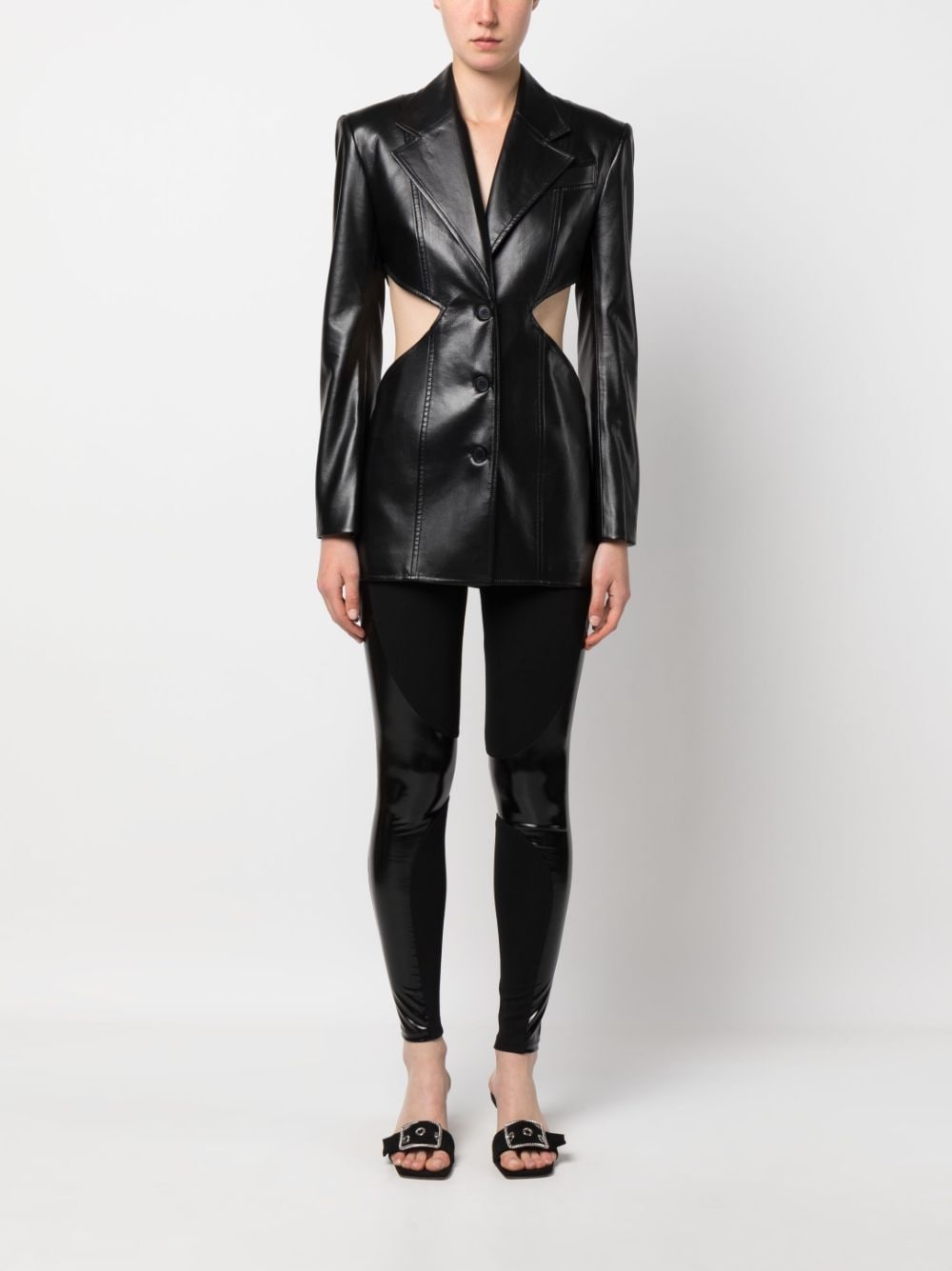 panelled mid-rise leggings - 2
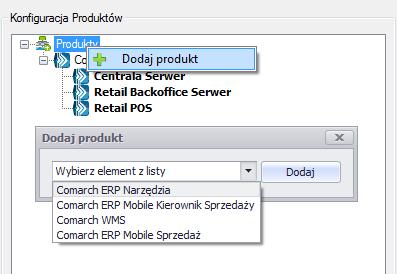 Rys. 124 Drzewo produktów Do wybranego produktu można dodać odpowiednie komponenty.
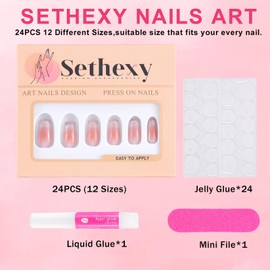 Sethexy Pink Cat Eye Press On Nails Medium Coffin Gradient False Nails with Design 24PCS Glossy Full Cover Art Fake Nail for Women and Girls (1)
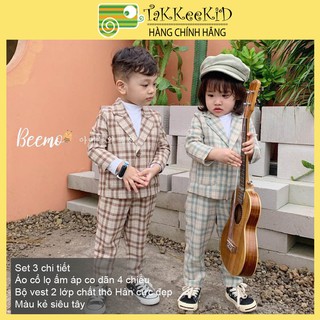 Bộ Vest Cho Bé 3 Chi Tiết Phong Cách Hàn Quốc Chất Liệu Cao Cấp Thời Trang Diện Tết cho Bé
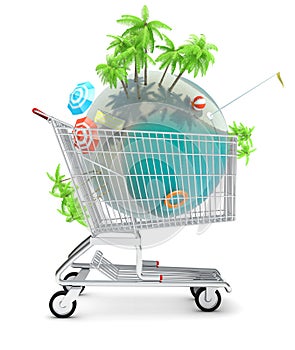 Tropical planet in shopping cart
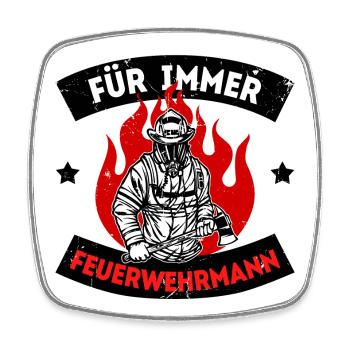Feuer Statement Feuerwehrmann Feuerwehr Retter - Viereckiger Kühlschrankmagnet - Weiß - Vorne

* * *

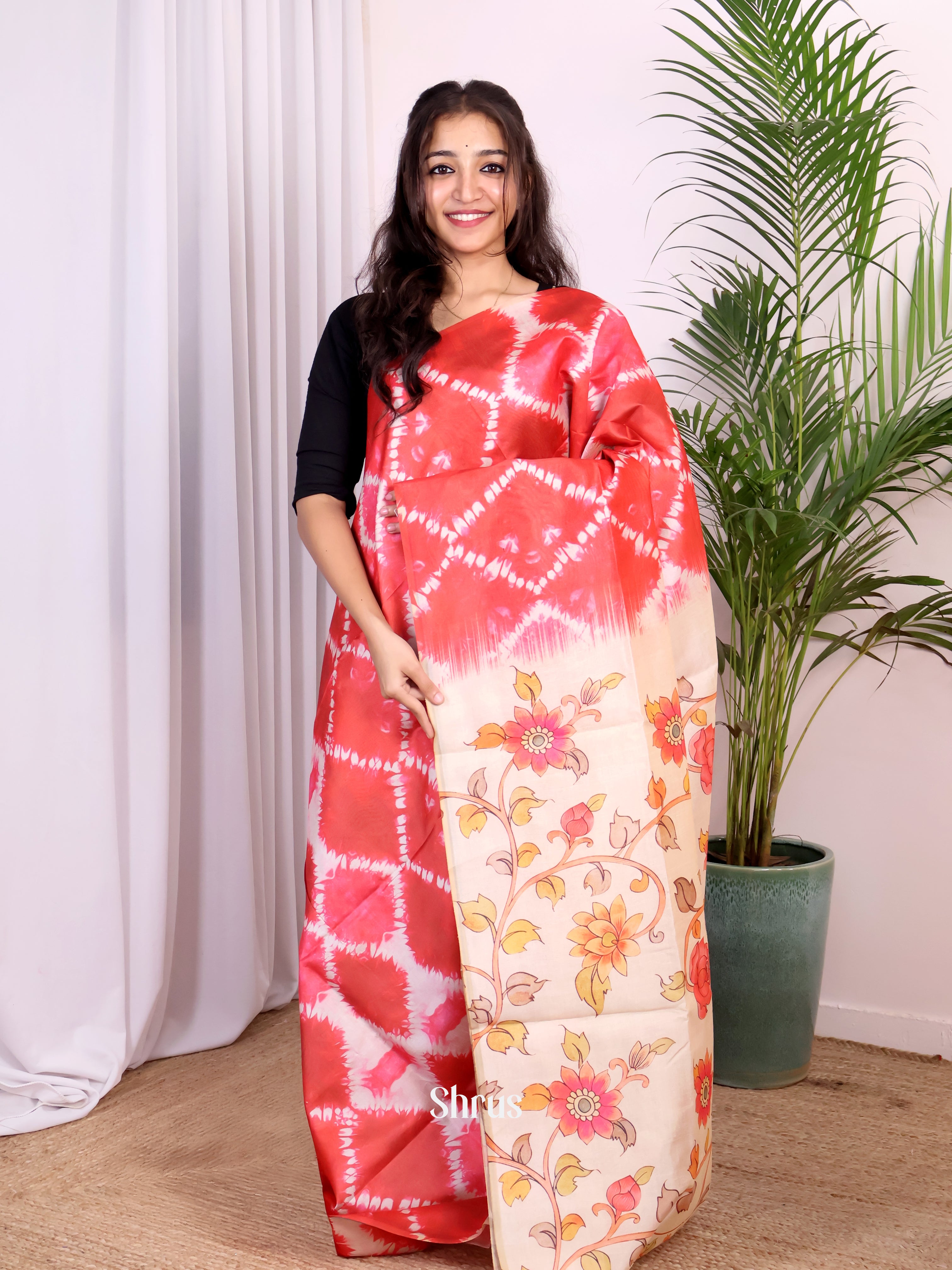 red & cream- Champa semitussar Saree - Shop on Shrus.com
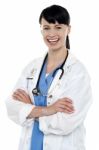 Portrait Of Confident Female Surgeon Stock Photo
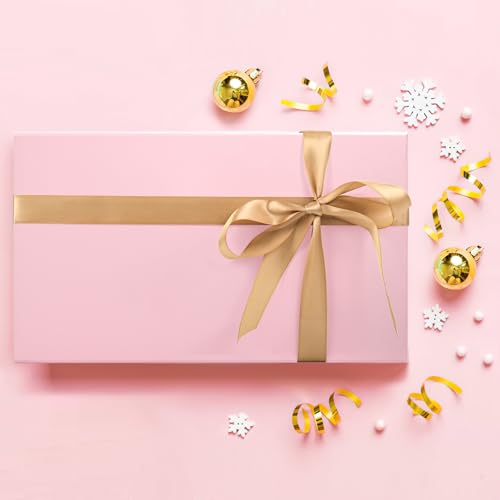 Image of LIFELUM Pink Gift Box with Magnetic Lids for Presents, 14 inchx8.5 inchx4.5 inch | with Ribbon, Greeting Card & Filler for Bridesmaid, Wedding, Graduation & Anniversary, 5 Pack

Task item | Begin at the line in the entries above that has "Portrait Of Confident", stop after the line that has "Image of LIFELUM", and output exactly those lines without pictures.

Solution |
 Portrait Of Confident Female Surgeon Stock Photo
 Image of LIFELUM Pink Gift Box with Magnetic Lids for Presents, 14 inchx8.5 inchx4.5 inch | with Ribbon, Greeting Card & Filler for Bridesmaid, Wedding, Graduation & Anniversary, 5 Pack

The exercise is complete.